Ce qui est paradoxal, c’est que les décideurs qui en appellent, à chaque fois, les populations à s’abstenir de détruire la forêt, ne songent pas à prendre des mesures drastiques pour faire respecter leurs décisions. Résultat, le couvert forestier diminue de la seconde à la tierce, sous les regards impuissants de tout le monde.

La partition des élus locaux réclamée

La Côte d’Ivoire peut encore sauver sa forêt, si chacun y met du sien. En effet, de nombreuses actions individuelles et collectives peuvent être menées pour reverdir l’espace forestier ivoirien. 

A ce propos, l’Etat joue sa partition depuis de nombreuses années. Depuis 2007, la recrudescence des agressions des forêts classées, ainsi que leur infiltration ont amené les gouvernements successifs, par le truchement de la Société de développement des forêts (Sodefor), à mettre en place une stratégie de gestion durable et efficiente. 

De sorte à maintenir et à développer le couvert forestier dans ces massifs classés, sans pour autant détruire les plantations de cacao des planteurs intrus dans les forêts non autorisées à accueillir des activités agricoles.  

Bien que cette structure étatique soit sur le pied de guerre, de concert avec les ministères en charge du dossier reforestation, il n’en demeure pas moins que les élus locaux jouent également leur partition. C’est un devoir de conscience, donc l’affaire de tous. 

Les collectivités locales (mairies, Conseils régionaux et Districts autonomes), doivent être mises à contribution pour réussir la reforestation. Erosion des côtes, destruction des mangroves, pluies diluviennes hors saison, abattage déraisonné d’arbres pour la fabrication du charbon de bois, sécheresse dans certaines localités, etc., sont la preuve qu’une gestion rationnelle de la forêt doit être prise en compte dans le développement de la Côte d’Ivoire.

Mais si rien n’est fait, ce sont les générations futures qui en payeront le prix fort.

Les solutions de la Côte d’Ivoire pour s’en sortir

Pour juguler le mal qui ronge la forêt ivoirienne, des actions sont entreprises depuis de nombreuses années. Malheureusement, elles n’ont pu donner l’espoir escompté. Qu’elles soient d’envergure ou de petitesse, leur résilience peut apporter une solution définitive. 

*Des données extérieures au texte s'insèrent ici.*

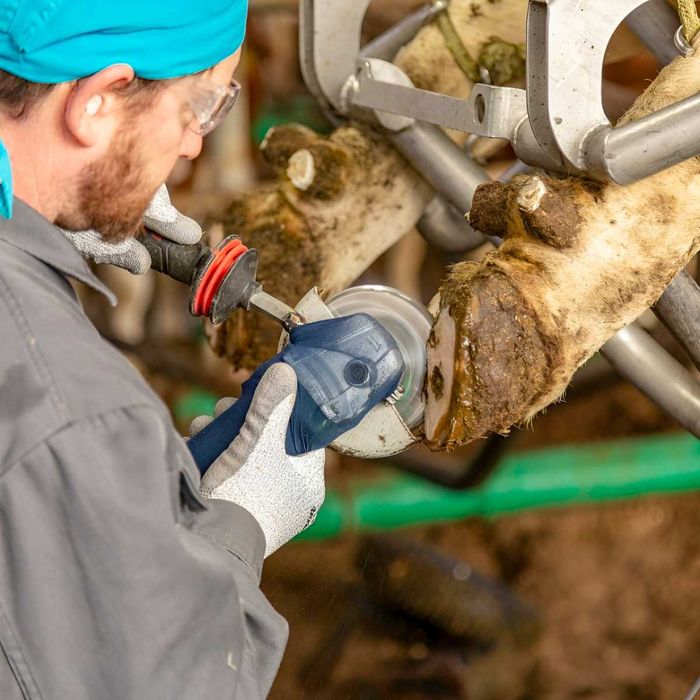 Tarcza do korekcji racic Profi, 6 wymiennych ostrzy, śr. 120 mm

Pour la reforestation de son territoire, la Côte d’Ivoire, à travers le gouvernement, a décidé de prendre le taureau par les cornes. Ainsi, un plan Marshall dénommé « Stratégie nationale de préservation, de réhabilitation et d’extension des forêts », est en action. 

Cette politique adoptée le 23 mai 2018 se distingue des initiatives antérieures, par le fait qu’auparavant seul l’Etat était impliqué dans ce sujet. L’actuelle politique met en avant les efforts que devront fournir les acteurs, notamment l’Etat, le privé, la société civile, les partenaires techniques et financiers.

La stratégie arrêtée pour résoudre cet épineux problème réside à comment mettre en œuvre la politique nationale ? Les réponses sont à géométrie variable. 

Cependant, ce qui urge,  c’est la réponse réaliste pour parvenir à l’exécution de ce projet. Dans son contenu, la stratégie comprend l’amélioration de la gouvernance forestière, le renforcement de la protection des massifs forestiers résiduels, leur extension et leur gestion durable, la reconstitution des zones forestières dégradées et l’adaptation aux changements climatiques. 

D’autres aspects sont aussi indispensables pour appuyer les efforts susmentionnés. Il s’agit de renforcer la loi sur la destruction de la forêt et d’augmenter les moyens financiers alloués à la Sodefor. Il faudra, en outre, imposer une politique environnementale au système scolaire et aux collectivités. Il faudra, par ailleurs, revoir le permis d’exploitant forestier et de fabricant de charbon de bois. Des métiers qui, sans qu’on ne s’en rende compte, sont les plus grands fossoyeurs de la forêt ivoirienne.